This package is the computational companion to the paper:

> **Symbolic Dynamics of the Limit Order Book: An Algebraic Foundation**
>
> Available on [SSRN](https://papers.ssrn.com/) · Author: [xiongyu](https://www.xiongyu.org/)

The paper establishes a rigorous algebraic framework in which every limit-order-book event is mapped to a symbol drawn from a six-letter alphabet. The resulting symbolic word is then analysed through reduction operators, information-theoretic functionals, and thermodynamic analogues — yielding a unified, quantitative description of market microstructure.

## Symbol Alphabet

| Symbol | Code | Event | Side | Sign |
|:------:|:----:|-------|:----:|:----:|
| α | `ALPHA` | New limit sell order placed on the ask side | ask | +1 |
| β | `BETA` | New limit buy order placed on the bid side | bid | +1 |
| μ_b | `MU_BUY` | Market buy order (aggressor takes the ask) | ask | −1 |
| μ_s | `MU_SELL` | Market sell order (aggressor hits the bid) | bid | −1 |
| γ_b | `GAMMA_BID` | Cancellation or partial reduction of a bid | bid | −1 |
| γ_a | `GAMMA_ASK` | Cancellation or partial reduction of an ask | ask | −1 |

## Core Concepts

### Θ Reduction

The Θ operator cancels matched (limit, cancel) pairs with identical (type, price, quantity), partitioning the symbolic word into:

- **Alive sub-word** — surviving (un-cancelled) limit orders
- **Dead sub-word** — cancelled limit orders

This decomposition is the foundation for all downstream metrics.

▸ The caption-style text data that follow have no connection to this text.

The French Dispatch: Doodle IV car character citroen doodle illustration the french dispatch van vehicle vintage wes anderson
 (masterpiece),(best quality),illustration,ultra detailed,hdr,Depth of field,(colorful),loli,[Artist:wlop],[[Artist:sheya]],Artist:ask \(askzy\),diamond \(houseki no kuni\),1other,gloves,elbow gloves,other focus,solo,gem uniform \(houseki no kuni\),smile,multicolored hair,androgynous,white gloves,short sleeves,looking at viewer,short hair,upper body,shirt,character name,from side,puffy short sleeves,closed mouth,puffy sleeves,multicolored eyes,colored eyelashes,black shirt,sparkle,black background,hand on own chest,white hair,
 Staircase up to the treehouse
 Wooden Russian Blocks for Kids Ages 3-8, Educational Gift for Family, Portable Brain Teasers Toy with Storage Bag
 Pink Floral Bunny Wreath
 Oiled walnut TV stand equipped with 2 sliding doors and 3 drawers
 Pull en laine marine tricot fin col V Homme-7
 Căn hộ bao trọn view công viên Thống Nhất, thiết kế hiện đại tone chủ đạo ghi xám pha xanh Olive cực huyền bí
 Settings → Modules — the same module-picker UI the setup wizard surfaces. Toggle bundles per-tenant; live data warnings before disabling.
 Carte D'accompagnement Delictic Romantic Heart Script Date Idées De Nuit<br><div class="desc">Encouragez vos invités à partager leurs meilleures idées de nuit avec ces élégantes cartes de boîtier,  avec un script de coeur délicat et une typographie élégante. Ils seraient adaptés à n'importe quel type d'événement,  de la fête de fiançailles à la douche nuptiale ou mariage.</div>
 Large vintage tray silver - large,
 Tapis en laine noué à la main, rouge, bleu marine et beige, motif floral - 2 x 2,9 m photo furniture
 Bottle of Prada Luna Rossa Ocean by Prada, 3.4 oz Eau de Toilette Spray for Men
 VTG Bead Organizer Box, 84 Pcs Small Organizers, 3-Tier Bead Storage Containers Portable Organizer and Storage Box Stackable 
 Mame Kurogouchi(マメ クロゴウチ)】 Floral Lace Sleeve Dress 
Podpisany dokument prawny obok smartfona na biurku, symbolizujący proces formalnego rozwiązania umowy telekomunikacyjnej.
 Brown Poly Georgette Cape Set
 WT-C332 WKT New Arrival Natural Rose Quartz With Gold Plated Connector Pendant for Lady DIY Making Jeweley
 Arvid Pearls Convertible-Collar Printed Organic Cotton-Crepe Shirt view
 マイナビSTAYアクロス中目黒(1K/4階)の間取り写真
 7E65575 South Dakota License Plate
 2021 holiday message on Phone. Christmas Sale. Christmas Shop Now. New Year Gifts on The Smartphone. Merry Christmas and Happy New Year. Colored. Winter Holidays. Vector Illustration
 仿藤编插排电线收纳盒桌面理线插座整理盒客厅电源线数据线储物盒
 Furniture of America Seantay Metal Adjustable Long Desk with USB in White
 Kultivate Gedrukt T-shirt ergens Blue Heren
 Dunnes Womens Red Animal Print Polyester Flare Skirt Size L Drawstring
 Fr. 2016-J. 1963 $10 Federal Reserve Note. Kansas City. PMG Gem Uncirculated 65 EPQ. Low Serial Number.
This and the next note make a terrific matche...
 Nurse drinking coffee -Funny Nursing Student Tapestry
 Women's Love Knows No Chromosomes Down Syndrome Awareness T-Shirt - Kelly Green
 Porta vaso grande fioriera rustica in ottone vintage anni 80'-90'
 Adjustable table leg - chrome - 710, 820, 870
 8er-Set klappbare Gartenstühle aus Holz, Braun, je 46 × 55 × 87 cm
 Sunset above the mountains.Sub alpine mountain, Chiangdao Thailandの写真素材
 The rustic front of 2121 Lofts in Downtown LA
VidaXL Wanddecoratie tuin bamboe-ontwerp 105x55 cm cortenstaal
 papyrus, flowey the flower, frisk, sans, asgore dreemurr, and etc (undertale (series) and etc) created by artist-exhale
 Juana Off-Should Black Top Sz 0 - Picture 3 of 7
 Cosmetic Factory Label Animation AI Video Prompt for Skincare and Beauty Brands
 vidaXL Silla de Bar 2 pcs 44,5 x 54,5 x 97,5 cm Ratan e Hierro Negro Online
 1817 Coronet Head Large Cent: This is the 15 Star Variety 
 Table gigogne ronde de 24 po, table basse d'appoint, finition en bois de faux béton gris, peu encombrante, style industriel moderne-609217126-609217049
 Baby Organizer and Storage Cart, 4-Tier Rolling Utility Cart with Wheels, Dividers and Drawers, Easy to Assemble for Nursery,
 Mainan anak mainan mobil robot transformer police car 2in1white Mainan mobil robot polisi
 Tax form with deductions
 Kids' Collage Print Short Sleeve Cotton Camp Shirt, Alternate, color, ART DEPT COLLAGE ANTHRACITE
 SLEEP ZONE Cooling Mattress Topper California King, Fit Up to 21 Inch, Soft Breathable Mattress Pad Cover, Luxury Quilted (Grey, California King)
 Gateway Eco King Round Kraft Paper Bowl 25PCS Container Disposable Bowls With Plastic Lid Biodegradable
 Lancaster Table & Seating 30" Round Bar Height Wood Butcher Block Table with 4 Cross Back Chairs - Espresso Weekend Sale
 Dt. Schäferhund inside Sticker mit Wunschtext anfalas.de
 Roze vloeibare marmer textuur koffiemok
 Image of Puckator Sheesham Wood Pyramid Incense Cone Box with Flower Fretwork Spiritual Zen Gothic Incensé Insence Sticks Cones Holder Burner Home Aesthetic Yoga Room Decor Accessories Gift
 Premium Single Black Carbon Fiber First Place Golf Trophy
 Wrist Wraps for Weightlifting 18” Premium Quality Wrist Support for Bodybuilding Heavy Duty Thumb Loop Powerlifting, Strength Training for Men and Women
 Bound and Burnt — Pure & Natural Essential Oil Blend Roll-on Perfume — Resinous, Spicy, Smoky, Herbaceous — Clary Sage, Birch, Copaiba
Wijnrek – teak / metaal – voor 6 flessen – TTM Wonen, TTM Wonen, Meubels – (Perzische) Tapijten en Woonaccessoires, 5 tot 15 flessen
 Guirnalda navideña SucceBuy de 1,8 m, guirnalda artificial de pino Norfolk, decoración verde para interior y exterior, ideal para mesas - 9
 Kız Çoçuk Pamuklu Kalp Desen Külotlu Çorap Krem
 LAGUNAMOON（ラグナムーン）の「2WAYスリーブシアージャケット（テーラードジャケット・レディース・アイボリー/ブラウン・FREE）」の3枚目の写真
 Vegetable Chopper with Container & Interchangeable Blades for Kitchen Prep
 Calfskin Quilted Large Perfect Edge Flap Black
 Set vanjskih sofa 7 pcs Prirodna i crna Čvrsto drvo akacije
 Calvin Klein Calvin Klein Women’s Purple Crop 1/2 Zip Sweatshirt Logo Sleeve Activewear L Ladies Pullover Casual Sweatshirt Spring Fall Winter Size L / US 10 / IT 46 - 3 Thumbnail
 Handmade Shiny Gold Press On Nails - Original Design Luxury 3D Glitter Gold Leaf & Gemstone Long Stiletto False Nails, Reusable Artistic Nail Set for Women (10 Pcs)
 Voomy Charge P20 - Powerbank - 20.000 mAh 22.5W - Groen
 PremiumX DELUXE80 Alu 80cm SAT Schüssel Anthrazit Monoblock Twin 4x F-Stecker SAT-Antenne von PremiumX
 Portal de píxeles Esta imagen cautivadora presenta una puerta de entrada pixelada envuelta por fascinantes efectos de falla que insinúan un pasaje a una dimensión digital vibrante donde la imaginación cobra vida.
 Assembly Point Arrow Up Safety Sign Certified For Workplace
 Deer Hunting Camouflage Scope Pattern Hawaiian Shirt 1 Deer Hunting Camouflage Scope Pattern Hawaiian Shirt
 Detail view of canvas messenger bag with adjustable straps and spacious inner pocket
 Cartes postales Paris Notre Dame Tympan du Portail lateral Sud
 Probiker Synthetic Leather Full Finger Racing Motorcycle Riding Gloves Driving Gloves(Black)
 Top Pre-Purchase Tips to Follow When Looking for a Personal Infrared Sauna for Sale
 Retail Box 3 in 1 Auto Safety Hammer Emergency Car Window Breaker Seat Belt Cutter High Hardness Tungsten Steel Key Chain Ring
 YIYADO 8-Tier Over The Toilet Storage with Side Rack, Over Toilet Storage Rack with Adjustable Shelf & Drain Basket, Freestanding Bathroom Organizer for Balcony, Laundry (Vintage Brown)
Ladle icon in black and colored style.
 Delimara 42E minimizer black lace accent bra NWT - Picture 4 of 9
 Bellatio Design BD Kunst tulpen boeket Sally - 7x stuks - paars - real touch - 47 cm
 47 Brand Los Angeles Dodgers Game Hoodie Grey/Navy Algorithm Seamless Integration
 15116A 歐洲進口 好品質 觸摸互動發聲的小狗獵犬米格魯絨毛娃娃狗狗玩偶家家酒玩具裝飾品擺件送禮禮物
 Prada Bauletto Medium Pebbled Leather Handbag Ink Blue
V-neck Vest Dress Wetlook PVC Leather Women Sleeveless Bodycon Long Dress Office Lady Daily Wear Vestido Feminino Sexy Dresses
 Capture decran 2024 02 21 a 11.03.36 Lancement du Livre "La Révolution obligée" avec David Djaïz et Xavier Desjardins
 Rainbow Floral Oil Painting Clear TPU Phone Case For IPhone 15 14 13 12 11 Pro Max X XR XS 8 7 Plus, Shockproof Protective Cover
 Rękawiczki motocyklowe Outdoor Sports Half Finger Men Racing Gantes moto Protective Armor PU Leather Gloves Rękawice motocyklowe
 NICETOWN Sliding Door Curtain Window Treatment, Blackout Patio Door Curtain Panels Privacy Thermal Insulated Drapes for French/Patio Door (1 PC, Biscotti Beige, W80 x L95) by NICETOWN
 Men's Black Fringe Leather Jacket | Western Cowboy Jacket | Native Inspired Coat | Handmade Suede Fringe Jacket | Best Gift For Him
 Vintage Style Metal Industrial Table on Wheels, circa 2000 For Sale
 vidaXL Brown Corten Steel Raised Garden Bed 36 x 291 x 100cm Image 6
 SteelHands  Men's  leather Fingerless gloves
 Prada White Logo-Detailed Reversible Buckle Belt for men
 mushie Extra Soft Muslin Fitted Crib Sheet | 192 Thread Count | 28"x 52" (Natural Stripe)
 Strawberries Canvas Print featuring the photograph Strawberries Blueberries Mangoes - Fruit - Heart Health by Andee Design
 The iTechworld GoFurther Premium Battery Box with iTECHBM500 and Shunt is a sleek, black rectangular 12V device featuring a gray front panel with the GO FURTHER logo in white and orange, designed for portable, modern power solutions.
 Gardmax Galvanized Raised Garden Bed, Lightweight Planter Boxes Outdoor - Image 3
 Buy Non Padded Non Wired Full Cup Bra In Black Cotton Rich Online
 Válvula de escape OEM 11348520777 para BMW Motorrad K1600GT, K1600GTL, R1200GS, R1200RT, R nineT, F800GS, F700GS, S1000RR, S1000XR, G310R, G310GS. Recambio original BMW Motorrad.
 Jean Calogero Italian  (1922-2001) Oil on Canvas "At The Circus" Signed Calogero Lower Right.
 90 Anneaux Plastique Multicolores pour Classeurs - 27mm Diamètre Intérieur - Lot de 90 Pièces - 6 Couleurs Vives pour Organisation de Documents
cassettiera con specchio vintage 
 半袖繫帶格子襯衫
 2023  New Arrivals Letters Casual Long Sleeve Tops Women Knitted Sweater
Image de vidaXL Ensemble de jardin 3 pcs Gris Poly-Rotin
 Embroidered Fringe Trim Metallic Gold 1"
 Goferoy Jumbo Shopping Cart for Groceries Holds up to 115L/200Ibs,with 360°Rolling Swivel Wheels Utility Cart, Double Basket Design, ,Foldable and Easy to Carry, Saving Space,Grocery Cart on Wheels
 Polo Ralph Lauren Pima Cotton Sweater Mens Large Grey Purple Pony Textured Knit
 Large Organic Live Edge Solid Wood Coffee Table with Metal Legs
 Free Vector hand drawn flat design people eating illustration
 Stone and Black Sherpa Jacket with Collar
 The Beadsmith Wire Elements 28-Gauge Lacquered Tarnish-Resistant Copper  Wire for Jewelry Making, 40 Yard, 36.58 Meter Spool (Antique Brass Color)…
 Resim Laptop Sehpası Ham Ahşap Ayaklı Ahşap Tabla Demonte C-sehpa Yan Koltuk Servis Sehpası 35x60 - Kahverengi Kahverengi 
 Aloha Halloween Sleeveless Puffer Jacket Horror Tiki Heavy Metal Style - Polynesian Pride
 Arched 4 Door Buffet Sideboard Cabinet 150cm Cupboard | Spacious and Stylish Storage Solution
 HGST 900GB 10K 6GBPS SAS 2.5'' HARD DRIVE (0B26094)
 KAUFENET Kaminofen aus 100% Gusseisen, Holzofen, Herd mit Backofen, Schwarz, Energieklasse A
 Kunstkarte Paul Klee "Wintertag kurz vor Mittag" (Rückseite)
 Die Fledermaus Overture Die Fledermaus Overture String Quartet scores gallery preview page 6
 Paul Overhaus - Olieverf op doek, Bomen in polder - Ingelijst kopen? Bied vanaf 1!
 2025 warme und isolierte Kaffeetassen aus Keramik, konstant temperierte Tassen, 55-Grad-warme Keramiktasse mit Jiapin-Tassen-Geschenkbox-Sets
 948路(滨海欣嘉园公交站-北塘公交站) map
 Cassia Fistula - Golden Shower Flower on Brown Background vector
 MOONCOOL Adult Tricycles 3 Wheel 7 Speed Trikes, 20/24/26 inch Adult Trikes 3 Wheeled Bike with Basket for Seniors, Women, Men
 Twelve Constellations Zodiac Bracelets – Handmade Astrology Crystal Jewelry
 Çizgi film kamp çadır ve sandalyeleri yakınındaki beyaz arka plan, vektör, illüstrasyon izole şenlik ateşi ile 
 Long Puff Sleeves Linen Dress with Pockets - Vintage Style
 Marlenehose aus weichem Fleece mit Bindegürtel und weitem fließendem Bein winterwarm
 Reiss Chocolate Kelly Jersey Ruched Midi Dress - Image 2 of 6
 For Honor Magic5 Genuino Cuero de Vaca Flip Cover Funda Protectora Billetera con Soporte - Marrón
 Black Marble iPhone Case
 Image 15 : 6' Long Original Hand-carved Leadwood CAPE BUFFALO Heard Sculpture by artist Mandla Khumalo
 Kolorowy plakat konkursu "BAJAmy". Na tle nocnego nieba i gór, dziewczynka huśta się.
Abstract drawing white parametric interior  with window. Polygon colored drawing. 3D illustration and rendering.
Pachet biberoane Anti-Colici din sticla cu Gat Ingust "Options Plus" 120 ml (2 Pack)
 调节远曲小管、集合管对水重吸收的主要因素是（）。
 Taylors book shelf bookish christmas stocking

### Thermodynamic Analogues

| Metric | Formula | Interpretation |
|--------|---------|----------------|
| Temperature *T* | λ_μ / (λ_α + λ_β) | Ratio of market-order intensity to limit-order intensity |
| Internal Energy *U* | Σ \|p − p_mid\| · q | Distance-weighted outstanding liquidity |
| Free Energy *F* | U − T · H(Θ) | Balances energy cost against informational disorder |
| Entropy Production Σ | H(dead) − ΔH(Θ) | Irreversibility of the cancellation process |

### Information-Theoretic Measures

| Metric | Description |
|--------|-------------|
| H(W) | Shannon entropy of the full symbolic word |
| H(Θ) | Reduced entropy of the alive sub-word |
| ε = H(W) − H(Θ) − H(dead) | Information-theoretic residual |
| τ_mix | Markov-chain mixing time from the transition matrix |
| Spectral Gap | 1 − λ₂, distance from the second eigenvalue to 1 |
| Fano Factor | Variance-to-mean ratio of inter-impact arrival times (burstiness) |
| Transfer Entropy TE(src → tgt) | Directed information flow between symbol types |
| Conditional Entropy H(X\_{t+lag} \| X_t) | Predictability of the next symbol given the current |
| Mutual Information I(X_t; X\_{t+lag}) | Shared information between symbols at different lags |
| KL Divergence D_KL(P \| Q) | Distributional distance between two symbol sequences |
| Clustering Index | Self-transition probability relative to uniform baseline |

### Advanced Metrics (v0.2.0)

| Metric | Description |
|--------|-------------|
| Kolmogorov Complexity | Lempel-Ziv compression ratio as algorithmic complexity estimate |
| Hurst Exponent | R/S analysis on sign walk — detects long-range dependence |
| Autocorrelation | Autocorrelation of the liquidity sign sequence at multiple lags |
| Power-Law Exponent | Hill estimator on market-order size tail distribution |
| Order Flow Imbalance (OFI) | Rolling (limit − cancel − market) / window |
| Variance Ratio Test | VR(lag) detects momentum (>1) or mean reversion (<1) |
| Volume-Weighted Spread | Average distance of limit orders from mid price, weighted by quantity |
| Realized Volatility | Annualized volatility from log-return standard deviation |

### Market Microstructure

| Metric | Description |
|--------|-------------|
| Mid Price | (best bid + best ask) / 2 |
| Weighted Mid | Volume-weighted mid price across bid/ask depth |
| Spread | best ask − best bid |
| Bid / Ask Depth | Number of surviving bid / ask levels after Θ reduction |
| Imbalance Ratio | (bid − ask) / (bid + ask) ∈ [−1, 1] |
| λ_μ | Market-order arrival rate (events / second) |
| Spread-Depth Ratio | Spread normalized by total depth |
| VWAP | Volume-weighted average price per side |

## Live Dashboard

A real-time dashboard powered by `symbolic-lob` is publicly available:

🌐 **[lob-dashboard.onrender.com](https://lob-dashboard.onrender.com/)**

Source code: [github.com/xiongyu23/lob-dashboard](https://github.com/xiongyu23/lob-dashboard)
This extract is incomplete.